◆ **Source material**:
- - - -

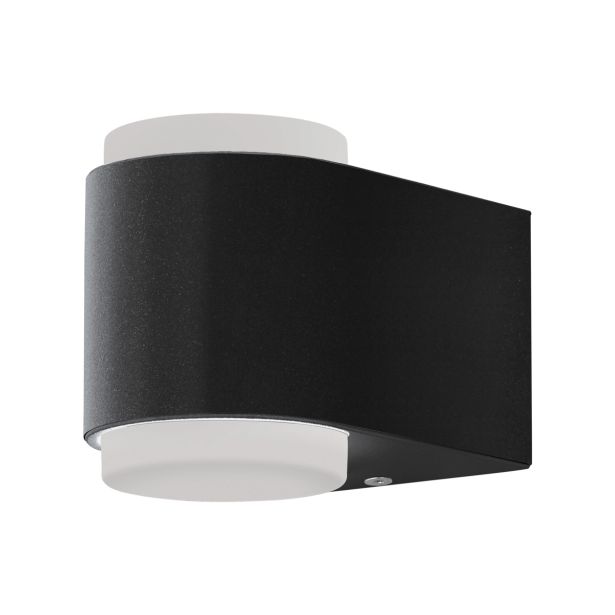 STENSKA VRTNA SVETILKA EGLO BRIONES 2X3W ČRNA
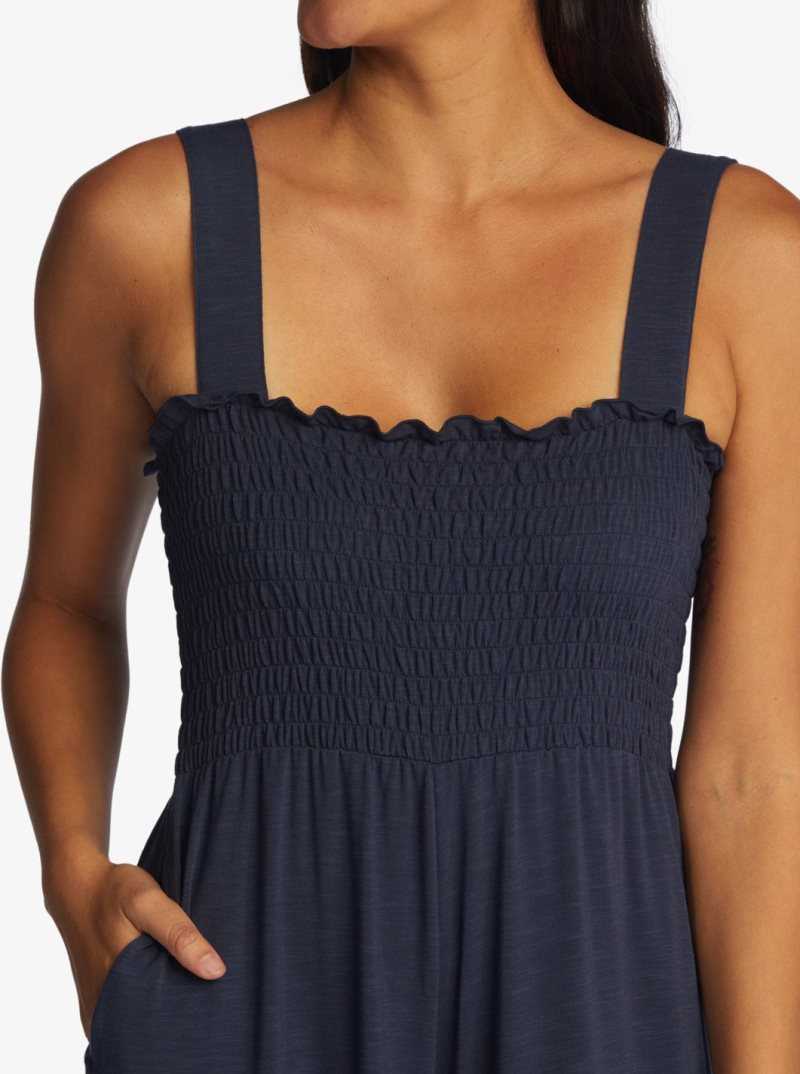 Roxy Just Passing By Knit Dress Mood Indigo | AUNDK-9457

- - - -

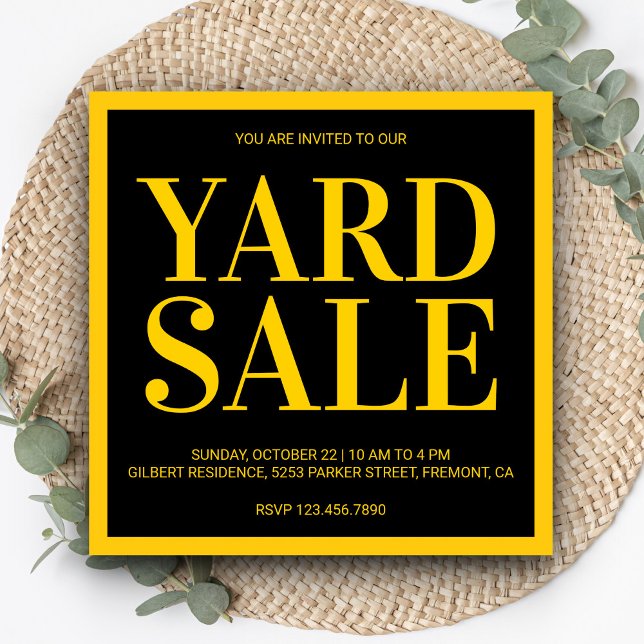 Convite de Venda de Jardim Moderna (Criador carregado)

- - - -

◆ **Work instruction**:
Among the entries above, take the lines from the one with "STENSKA VRTNA SVETILKA" through the one with "Roxy Just Passing" and retype them exactly, leaving out the pictures.

◆ **Answer space**:
 STENSKA VRTNA SVETILKA EGLO BRIONES 2X3W ČRNA
 Roxy Just Passing By Knit Dress Mood Indigo | AUNDK-9457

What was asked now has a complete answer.